▸ **Work instruction**
In the entries that follow, find the line containing "v领 深V字领白色连衣裙,简单大方,凸显成熟气质", then output exactly every line from the first through that one.

Top of Data provided

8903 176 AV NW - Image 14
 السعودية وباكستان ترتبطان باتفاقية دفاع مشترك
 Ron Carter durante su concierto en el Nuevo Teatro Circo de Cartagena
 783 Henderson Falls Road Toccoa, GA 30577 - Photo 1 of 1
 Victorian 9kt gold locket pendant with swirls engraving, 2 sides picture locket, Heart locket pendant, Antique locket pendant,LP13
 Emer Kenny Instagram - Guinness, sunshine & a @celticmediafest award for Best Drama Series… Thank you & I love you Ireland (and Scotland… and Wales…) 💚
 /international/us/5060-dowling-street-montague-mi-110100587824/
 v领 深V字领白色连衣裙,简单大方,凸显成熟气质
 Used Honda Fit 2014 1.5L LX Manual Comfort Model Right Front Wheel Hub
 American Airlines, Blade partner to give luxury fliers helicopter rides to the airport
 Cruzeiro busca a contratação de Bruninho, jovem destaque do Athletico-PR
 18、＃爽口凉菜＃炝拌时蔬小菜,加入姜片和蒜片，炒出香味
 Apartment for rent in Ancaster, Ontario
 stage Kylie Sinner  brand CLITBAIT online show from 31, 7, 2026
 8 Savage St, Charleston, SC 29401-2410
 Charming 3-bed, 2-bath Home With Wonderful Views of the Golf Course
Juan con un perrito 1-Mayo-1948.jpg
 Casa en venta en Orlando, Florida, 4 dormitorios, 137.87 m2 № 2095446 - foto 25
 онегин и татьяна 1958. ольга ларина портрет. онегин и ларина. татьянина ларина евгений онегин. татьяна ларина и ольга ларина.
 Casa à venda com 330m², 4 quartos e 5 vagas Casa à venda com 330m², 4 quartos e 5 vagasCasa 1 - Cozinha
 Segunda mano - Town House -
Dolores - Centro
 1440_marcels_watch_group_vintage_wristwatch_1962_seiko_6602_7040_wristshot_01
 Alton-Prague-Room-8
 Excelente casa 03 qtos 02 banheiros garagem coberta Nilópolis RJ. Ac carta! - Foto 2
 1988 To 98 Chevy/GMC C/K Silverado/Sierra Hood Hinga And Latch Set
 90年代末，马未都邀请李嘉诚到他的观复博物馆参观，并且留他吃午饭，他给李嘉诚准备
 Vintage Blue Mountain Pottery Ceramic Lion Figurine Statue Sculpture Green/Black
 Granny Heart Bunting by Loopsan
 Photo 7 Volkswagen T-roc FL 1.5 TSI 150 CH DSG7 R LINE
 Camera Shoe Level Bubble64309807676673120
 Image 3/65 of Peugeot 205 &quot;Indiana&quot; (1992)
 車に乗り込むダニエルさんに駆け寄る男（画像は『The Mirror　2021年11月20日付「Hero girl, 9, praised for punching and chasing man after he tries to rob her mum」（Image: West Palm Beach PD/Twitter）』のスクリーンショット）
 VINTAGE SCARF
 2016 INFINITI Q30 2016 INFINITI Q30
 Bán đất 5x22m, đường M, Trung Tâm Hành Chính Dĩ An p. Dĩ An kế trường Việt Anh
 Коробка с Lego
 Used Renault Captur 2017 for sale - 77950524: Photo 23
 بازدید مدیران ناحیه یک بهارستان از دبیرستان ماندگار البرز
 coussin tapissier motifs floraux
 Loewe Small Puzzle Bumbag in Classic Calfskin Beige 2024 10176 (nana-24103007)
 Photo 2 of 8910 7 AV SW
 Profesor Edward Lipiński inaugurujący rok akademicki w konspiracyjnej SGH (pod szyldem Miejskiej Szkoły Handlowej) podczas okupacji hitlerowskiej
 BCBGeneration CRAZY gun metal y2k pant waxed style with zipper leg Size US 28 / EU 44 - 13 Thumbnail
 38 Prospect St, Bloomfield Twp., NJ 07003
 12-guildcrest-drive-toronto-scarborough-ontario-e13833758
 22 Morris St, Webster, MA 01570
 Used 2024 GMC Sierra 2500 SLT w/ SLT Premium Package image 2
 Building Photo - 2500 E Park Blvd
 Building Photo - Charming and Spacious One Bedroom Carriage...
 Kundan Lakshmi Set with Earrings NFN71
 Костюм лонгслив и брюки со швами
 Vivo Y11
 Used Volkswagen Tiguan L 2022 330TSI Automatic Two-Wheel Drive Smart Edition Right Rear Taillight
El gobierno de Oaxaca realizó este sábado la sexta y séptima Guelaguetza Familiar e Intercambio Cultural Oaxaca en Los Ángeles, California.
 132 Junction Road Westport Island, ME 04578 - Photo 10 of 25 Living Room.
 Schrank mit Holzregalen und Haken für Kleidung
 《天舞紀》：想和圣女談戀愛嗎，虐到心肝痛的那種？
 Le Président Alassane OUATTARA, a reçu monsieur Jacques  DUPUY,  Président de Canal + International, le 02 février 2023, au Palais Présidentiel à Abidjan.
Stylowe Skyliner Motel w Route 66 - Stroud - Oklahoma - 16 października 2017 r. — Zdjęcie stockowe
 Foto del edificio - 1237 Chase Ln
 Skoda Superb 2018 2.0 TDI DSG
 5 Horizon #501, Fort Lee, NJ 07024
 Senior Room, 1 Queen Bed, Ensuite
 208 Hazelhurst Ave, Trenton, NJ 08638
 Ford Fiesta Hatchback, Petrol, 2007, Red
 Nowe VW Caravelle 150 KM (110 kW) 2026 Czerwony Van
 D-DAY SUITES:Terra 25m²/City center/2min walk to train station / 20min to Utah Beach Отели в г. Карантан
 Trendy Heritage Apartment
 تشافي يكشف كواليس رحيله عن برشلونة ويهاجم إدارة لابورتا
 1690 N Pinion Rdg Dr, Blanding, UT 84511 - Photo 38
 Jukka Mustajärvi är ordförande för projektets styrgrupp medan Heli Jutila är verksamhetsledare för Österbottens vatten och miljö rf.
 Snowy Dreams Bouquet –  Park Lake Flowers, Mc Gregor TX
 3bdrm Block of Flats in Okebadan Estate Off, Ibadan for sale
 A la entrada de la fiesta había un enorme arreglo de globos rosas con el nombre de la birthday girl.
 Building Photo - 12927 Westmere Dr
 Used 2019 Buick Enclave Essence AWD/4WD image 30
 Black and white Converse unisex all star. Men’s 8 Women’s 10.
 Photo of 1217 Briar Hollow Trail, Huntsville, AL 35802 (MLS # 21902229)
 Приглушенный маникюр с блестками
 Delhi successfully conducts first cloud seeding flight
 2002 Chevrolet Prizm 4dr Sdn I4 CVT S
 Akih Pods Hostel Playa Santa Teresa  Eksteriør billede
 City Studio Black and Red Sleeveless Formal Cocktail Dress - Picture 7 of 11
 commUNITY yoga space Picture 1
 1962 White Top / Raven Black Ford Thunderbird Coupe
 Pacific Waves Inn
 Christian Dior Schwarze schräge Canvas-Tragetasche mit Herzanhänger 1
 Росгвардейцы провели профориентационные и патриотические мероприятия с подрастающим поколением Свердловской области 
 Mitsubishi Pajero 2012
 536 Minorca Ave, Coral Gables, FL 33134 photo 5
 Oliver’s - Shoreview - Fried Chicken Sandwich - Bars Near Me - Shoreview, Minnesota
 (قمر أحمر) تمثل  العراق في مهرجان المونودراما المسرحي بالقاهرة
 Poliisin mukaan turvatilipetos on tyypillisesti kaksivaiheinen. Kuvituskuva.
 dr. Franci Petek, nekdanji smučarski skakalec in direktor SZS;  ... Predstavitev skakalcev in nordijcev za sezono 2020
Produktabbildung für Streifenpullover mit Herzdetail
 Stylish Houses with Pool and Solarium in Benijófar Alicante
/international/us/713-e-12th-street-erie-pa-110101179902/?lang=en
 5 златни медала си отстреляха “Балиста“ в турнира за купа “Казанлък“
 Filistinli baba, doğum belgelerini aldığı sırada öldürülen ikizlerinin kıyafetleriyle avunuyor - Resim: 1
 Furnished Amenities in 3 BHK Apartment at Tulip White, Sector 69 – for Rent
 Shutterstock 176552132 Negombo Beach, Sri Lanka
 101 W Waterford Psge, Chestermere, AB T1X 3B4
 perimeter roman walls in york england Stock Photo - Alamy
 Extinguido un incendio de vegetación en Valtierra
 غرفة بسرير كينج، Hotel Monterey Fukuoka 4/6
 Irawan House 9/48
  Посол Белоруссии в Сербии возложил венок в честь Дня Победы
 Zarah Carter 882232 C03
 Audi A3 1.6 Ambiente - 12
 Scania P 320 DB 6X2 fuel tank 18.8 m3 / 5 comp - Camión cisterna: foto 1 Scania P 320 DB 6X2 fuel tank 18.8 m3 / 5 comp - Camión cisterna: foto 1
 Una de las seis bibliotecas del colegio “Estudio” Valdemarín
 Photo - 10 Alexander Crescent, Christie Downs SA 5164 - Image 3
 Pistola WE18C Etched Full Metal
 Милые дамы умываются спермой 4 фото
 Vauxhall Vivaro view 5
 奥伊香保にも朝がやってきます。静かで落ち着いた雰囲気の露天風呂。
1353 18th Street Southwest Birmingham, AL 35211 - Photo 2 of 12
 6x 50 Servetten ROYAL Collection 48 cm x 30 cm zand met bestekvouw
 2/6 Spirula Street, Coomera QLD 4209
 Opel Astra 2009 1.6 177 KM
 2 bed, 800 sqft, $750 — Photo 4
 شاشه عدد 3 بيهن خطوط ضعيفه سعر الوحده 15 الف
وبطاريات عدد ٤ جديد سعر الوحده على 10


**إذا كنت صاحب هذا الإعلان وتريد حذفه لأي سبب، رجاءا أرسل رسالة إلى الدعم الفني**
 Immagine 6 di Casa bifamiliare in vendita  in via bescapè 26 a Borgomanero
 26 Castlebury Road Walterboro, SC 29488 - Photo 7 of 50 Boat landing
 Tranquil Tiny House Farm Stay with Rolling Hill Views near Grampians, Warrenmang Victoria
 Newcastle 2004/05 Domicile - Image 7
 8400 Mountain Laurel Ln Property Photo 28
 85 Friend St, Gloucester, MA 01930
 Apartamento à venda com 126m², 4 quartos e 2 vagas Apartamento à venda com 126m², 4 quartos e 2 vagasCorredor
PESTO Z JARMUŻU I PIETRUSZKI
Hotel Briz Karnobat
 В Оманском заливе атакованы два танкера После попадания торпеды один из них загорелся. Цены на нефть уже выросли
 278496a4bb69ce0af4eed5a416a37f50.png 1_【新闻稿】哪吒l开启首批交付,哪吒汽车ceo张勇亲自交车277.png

Bottom of Data provided

▸ **Response**
8903 176 AV NW - Image 14
 السعودية وباكستان ترتبطان باتفاقية دفاع مشترك
 Ron Carter durante su concierto en el Nuevo Teatro Circo de Cartagena
 783 Henderson Falls Road Toccoa, GA 30577 - Photo 1 of 1
 Victorian 9kt gold locket pendant with swirls engraving, 2 sides picture locket, Heart locket pendant, Antique locket pendant,LP13
 Emer Kenny Instagram - Guinness, sunshine & a @celticmediafest award for Best Drama Series… Thank you & I love you Ireland (and Scotland… and Wales…) 💚
 /international/us/5060-dowling-street-montague-mi-110100587824/
 v领 深V字领白色连衣裙,简单大方,凸显成熟气质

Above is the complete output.